* DATA EXTRACTS
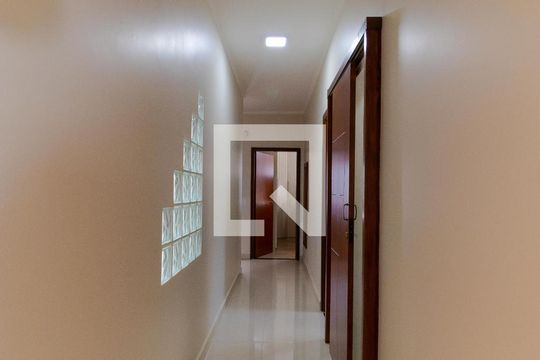 Corredor de casa à venda com 3 quartos, 387m² em Jardim Eulina, Campinas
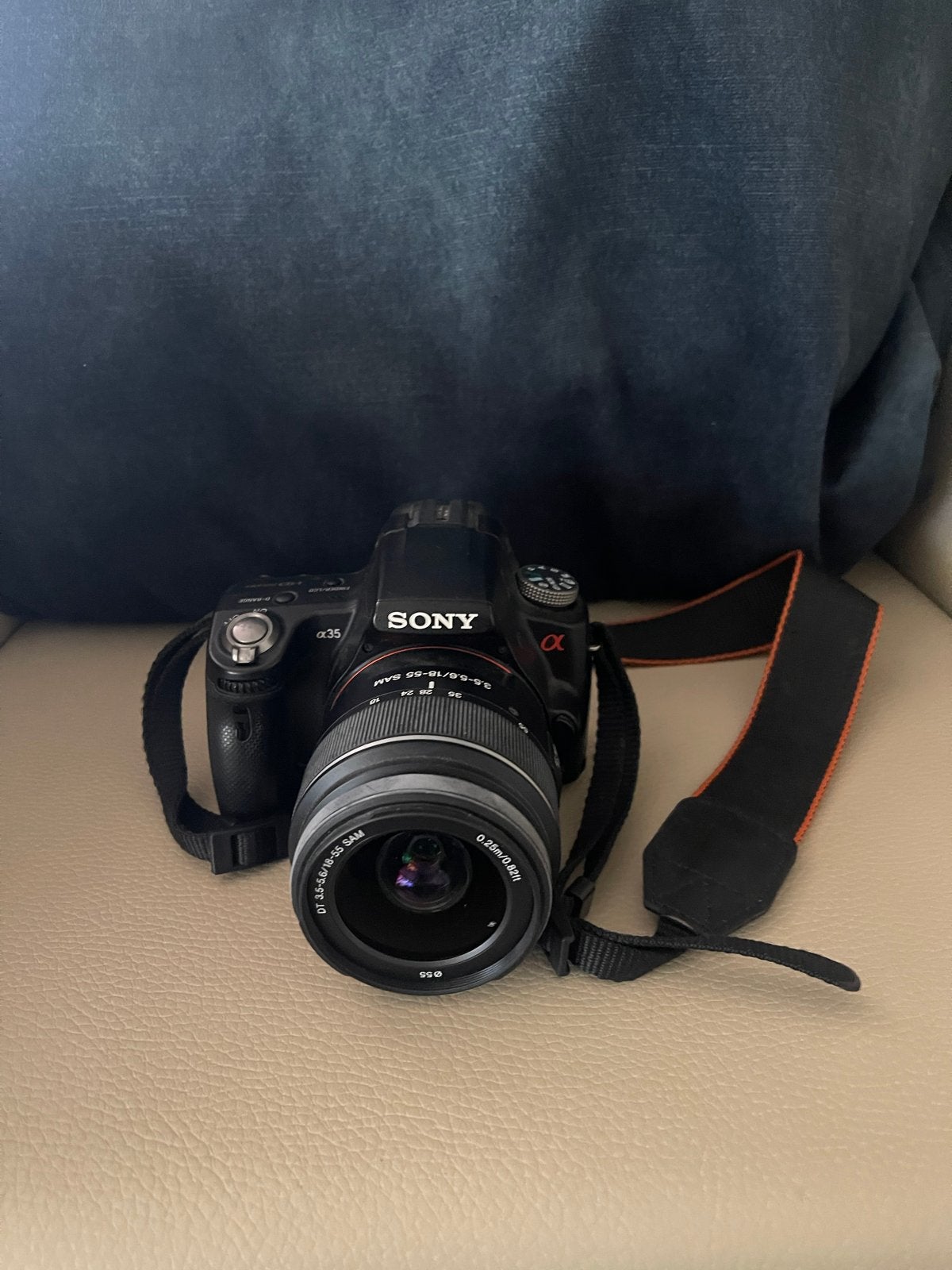 Sony Alpha a35 Spiegelreflexcamera met 18-55mm lens, Ingebouwde flitser, Spiegelreflex, Ophalen of Verzenden, Zo goed als nieuw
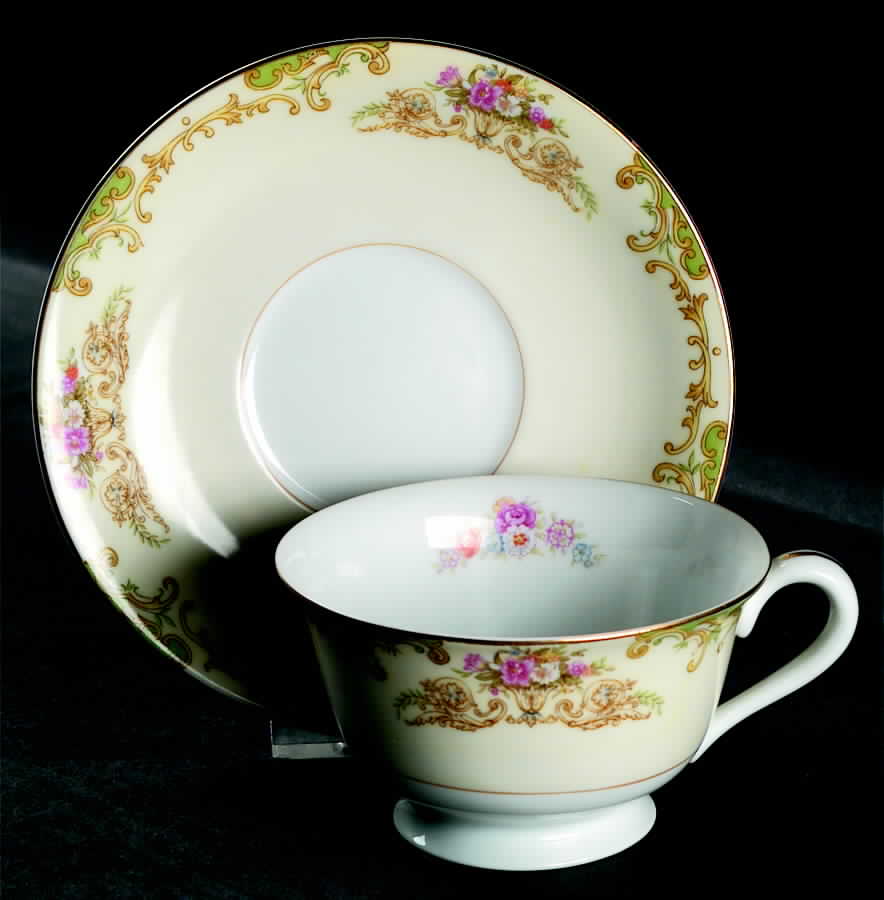 N1930 Footed Cup & Saucer Set by Noritake-1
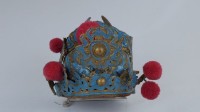 藏品(盔頭（六）：前鋒盔1.右上缺2粒紅色球綴)的圖片
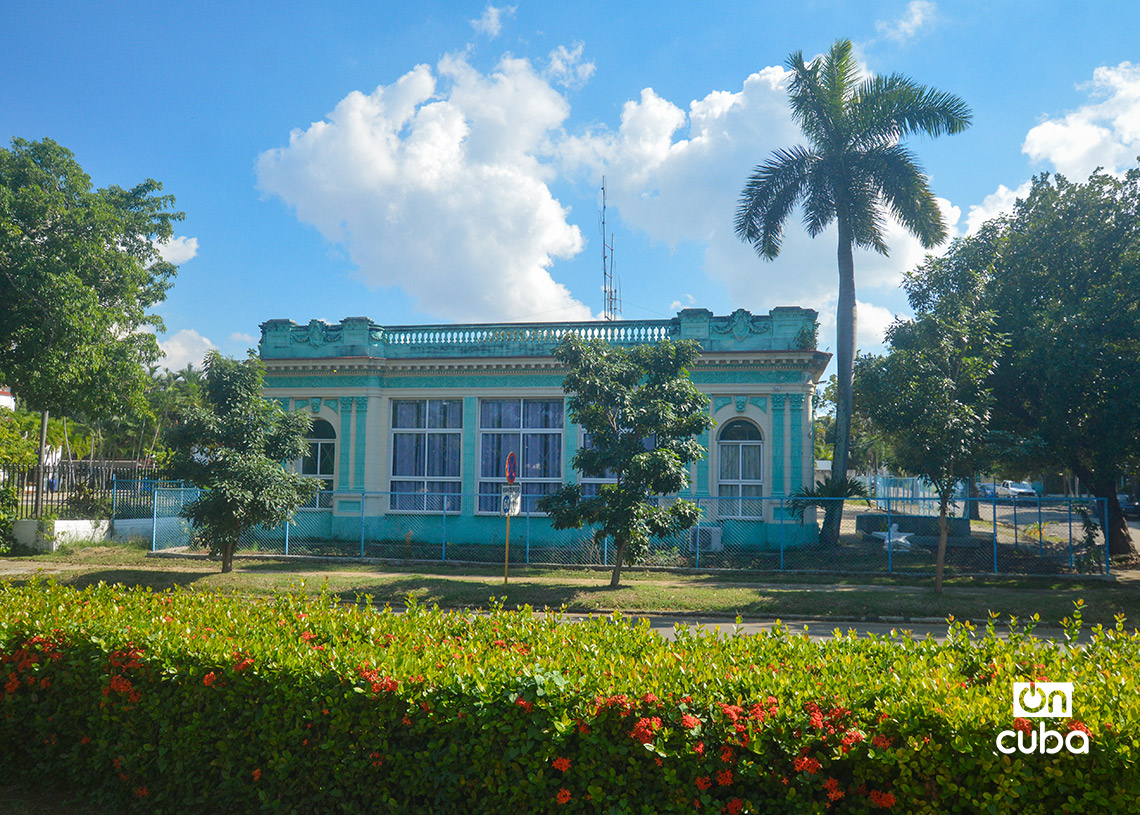 Construcción en la Quinta Avenida de Miramar, en La Habana. Foto: Otmaro Rodríguez.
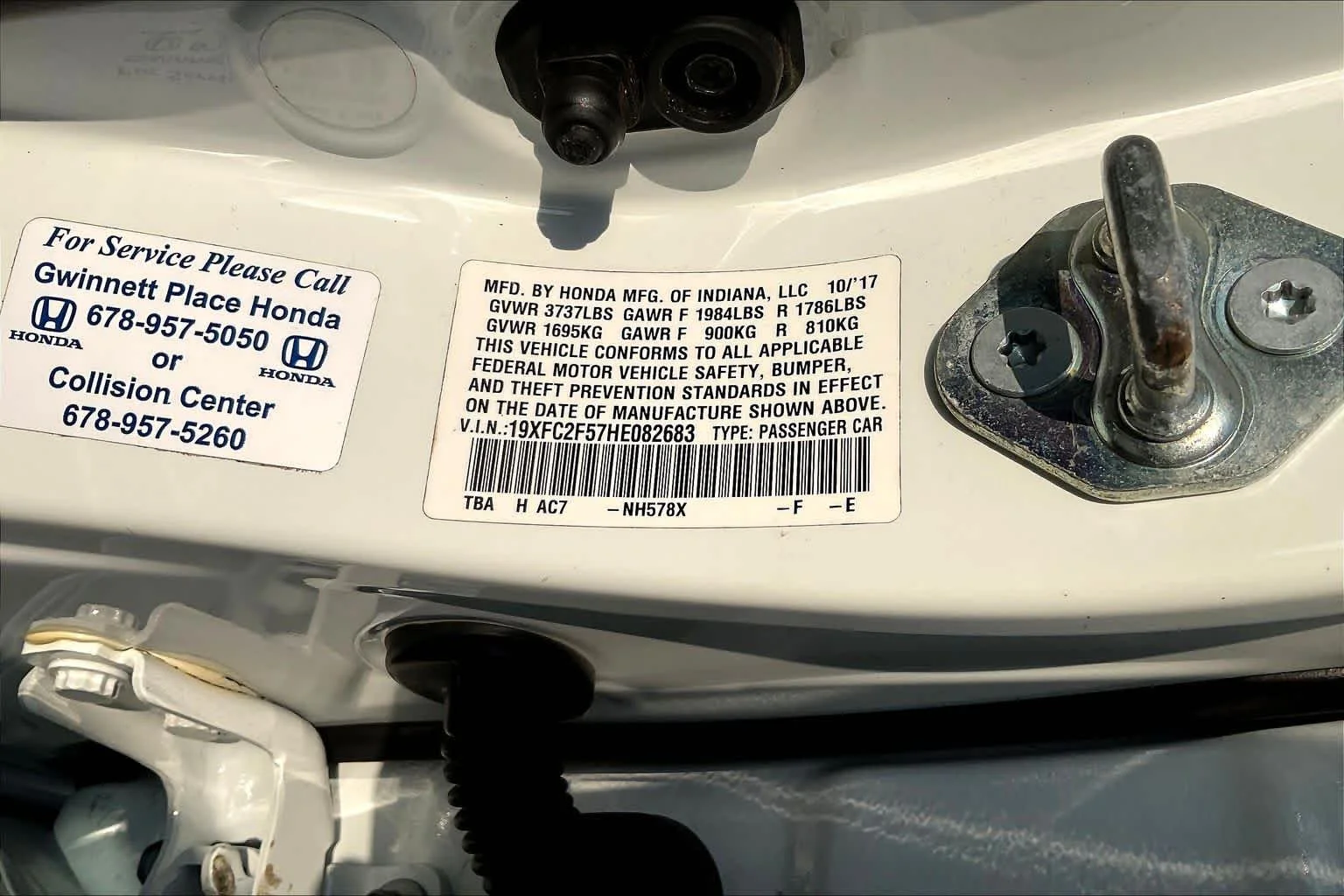 Used 2017 Taffeta White Honda LX image 32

* WHAT YOU ARE ASKED TO DO
Print the listing exactly, images excluded.

* COMPLETED EXERCISE
 Corredor de casa à venda com 3 quartos, 387m² em Jardim Eulina, Campinas
 Sony Alpha a35 Spiegelreflexcamera met 18-55mm lens, Ingebouwde flitser, Spiegelreflex, Ophalen of Verzenden, Zo goed als nieuw
 N1930 Footed Cup & Saucer Set by Noritake-1
 藏品(盔頭（六）：前鋒盔1.右上缺2粒紅色球綴)的圖片
 Construcción en la Quinta Avenida de Miramar, en La Habana. Foto: Otmaro Rodríguez.
 Used 2017 Taffeta White Honda LX image 32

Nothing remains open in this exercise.